Martha Garcia is associate professor in the Department of Modern Languages & Literatures. She is UCF alumna and returned as a faculty member in 2005 from Vanderbilt University where she earned her doctorate degree. She teaches Spanish language, literature, and culture classes, and courses in her areas of research in literature and theatre: Spanish Medieval, Spanish Golden Age, and the Enlightenment of Spain. She is currently working on her fourth book manuscript and several other academic projects.

The assessment of a course requires the evaluation of student achievements in direct relation to the goals or objectives for that course. After a semester as a Writing Across the Curriculum Fellow in Spring 2014 with writing studies experts and colleagues from a variety of disciplines, I had the opportunity to reflect on the importance of writing as a transferable skill to building a solid professional profile and—also significant—to securing and maintaining professional employment. Spending a semester reading, learning, and writing, in conjunction with the vigorous techniques of John C. Bean in Engaging Ideas: The Professor’s Guide to Integrating Writing, Critical Thinking, and Active Learning in the Classroom,[1] I have internalized the necessary connection between the student learning and the role of assessment in evaluating learning outcomes.

Even though assessment is primarily related to measuring the results of student performance at the end of each semester, this process also considers some micro-assessment and macro-assessment in order to determine the best possible practice. Fifteen years of teaching at several levels in private and public institutions of higher education has taught me a valuable lesson about isolated assignments in my syllabi: students value assignments relevant to their own work lives.
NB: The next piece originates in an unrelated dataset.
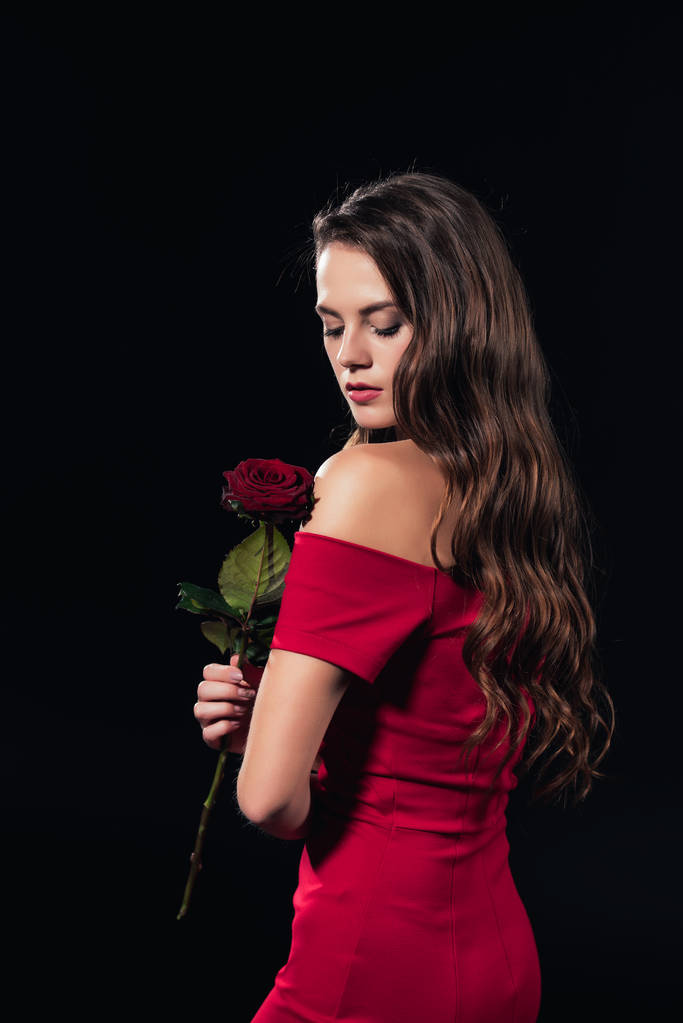 hermosa mujer en vestido rojo con los ojos cerrados sosteniendo rosa aislado en negro
 - Foto, imagen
During recent semesters I have reflected about how to unify my assignments–organizing and integrating the previously isolated cogs to design lesson plans around a more coherent path. To that end, I have decided that writing assignments stipulated for grading purposes should be designed for potential use in students’ paraprofessional endeavors or self-improvement academic development. In this article I will focus on graduate work, but my suggestions may be compatible and transferable to similar disciplines in language and literature. A syllabus that includes space for this kind of assignment design can align with the objectives of each individual course as well as the goals of its program. This praxis may also contribute to the mission of the respective college and fulfill the university’s aims of providing excellence in the undergraduate and graduate curriculum. This essay intends to identify the possible confluence between the assignments of a course and their transferable use beyond the classroom.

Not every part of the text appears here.